*** SOURCE MATERIAL ***

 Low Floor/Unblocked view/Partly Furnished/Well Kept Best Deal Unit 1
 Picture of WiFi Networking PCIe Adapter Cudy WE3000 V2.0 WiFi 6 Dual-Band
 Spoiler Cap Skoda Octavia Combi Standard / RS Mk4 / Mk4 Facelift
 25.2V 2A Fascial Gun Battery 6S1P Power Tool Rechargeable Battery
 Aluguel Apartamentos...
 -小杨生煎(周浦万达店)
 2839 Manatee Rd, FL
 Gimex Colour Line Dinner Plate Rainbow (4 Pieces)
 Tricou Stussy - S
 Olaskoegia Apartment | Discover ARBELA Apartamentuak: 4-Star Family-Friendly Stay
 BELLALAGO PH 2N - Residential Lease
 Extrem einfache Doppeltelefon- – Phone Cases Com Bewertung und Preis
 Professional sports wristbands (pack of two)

*** End of SOURCE MATERIAL ***

_WHAT IS EXPECTED_. Your reply must be the entries above, returned word for word.

_ANSWER TO THE EXERCISE_.
 Low Floor/Unblocked view/Partly Furnished/Well Kept Best Deal Unit 1
 Picture of WiFi Networking PCIe Adapter Cudy WE3000 V2.0 WiFi 6 Dual-Band
 Spoiler Cap Skoda Octavia Combi Standard / RS Mk4 / Mk4 Facelift
 25.2V 2A Fascial Gun Battery 6S1P Power Tool Rechargeable Battery
 Aluguel Apartamentos...
 -小杨生煎(周浦万达店)
 2839 Manatee Rd, FL
 Gimex Colour Line Dinner Plate Rainbow (4 Pieces)
 Tricou Stussy - S
 Olaskoegia Apartment | Discover ARBELA Apartamentuak: 4-Star Family-Friendly Stay
 BELLALAGO PH 2N - Residential Lease
 Extrem einfache Doppeltelefon- – Phone Cases Com Bewertung und Preis
 Professional sports wristbands (pack of two)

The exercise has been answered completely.